Shopping online is easiest with plastic, but some plastic is better than others. It's advisable only to use credit cards, rather than debit cards, for online shopping. Credit cards represent an extension of credit, while debit cards draw directly from your bank account. Once in possession of your banking information, hackers can do much more damage to your finances than with your credit card number.
Under the Fair Credit Billing Act, consumers are protected in the event of identity theft or fraud -- if they use a credit card. This law protects account holders by limiting their fraud liability to $50. Payments for unauthorized charges to a credit card can also be put on hold and investigated [source: FTC]. Even better, most credit card companies offer more protection, sometimes limiting consumer liability for fraud to zero. Using a debit card affords you some federal protection as well. If you notify your bank of a fraudulent debit card purchase within two days your liability is limited to $50; after that it raises to $500 [source: Bankrate].
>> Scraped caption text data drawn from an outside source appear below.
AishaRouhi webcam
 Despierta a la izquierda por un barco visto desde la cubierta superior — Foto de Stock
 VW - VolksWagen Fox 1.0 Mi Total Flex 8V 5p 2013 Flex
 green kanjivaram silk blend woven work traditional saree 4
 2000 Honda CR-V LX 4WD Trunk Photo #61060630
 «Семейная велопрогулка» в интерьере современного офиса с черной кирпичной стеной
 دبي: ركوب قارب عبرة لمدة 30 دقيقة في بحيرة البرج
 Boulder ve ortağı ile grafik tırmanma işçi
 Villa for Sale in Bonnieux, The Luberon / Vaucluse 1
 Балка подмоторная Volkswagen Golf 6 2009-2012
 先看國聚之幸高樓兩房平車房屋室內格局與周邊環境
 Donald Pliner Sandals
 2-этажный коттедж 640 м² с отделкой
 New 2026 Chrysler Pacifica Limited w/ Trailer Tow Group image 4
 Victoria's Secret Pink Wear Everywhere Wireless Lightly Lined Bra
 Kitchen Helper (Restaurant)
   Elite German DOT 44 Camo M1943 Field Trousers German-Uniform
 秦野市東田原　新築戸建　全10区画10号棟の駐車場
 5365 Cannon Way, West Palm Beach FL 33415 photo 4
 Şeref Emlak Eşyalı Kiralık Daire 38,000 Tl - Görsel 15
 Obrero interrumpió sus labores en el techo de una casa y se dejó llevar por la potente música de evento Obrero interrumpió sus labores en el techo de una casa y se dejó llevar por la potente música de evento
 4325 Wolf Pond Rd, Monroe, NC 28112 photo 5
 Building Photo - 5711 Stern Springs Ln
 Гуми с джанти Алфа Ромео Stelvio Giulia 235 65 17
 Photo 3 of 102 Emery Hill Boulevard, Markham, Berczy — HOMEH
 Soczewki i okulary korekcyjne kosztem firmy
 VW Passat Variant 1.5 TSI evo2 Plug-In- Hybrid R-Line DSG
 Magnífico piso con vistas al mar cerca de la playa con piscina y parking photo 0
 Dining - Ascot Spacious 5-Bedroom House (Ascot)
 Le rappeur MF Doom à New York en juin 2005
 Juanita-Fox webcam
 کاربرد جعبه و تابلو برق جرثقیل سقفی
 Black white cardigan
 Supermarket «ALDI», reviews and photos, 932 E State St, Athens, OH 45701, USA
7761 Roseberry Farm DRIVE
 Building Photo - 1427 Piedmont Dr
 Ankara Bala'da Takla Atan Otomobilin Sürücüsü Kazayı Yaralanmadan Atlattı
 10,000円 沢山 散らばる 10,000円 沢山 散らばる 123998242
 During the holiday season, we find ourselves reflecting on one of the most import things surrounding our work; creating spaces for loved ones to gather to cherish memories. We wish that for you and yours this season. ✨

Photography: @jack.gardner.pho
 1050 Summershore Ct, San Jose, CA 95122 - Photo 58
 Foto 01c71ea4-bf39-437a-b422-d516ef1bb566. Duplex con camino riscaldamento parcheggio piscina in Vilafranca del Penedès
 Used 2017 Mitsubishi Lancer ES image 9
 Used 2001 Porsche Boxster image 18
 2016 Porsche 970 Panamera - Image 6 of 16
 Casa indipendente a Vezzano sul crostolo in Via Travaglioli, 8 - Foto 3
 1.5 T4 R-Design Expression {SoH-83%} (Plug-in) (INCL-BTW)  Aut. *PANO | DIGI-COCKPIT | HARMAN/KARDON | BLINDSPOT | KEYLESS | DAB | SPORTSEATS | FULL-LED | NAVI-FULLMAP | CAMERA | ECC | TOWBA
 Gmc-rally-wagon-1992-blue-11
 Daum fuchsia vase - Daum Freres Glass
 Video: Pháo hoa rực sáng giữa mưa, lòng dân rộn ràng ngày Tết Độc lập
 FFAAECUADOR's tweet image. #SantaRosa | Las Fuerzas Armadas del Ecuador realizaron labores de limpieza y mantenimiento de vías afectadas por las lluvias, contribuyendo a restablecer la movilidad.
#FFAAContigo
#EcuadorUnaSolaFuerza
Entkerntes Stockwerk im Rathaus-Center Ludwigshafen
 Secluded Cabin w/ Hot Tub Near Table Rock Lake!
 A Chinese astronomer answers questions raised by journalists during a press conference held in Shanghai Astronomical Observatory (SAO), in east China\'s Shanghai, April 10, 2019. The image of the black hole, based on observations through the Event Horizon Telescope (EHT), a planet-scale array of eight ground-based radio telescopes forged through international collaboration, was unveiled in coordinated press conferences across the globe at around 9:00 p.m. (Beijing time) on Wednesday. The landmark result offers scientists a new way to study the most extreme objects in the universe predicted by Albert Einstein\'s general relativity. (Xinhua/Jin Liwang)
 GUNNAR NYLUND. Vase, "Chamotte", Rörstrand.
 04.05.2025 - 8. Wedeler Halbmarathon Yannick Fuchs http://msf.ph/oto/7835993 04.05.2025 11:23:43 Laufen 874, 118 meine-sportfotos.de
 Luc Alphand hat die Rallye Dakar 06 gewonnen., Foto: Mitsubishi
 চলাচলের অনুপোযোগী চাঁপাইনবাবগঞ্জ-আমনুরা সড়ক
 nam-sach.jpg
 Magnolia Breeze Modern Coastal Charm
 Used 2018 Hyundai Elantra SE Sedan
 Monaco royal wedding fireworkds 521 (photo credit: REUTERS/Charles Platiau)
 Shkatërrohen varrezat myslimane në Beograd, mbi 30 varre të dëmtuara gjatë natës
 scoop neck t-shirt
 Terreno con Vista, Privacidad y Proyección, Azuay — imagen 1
Most credit card companies now offer single-use credit card numbers for online shopping. These expire after one purchase and only your credit card company knows which account it's linked to.
Using only one credit card for online shopping is another great way to head off potential online shopping headaches [source: Consumer Reports]. If you have one credit card number sent via cyberspace, the potential for fraud is limited to that one account. Should a hacker come by your account information, you'll have only that credit card company to contend with.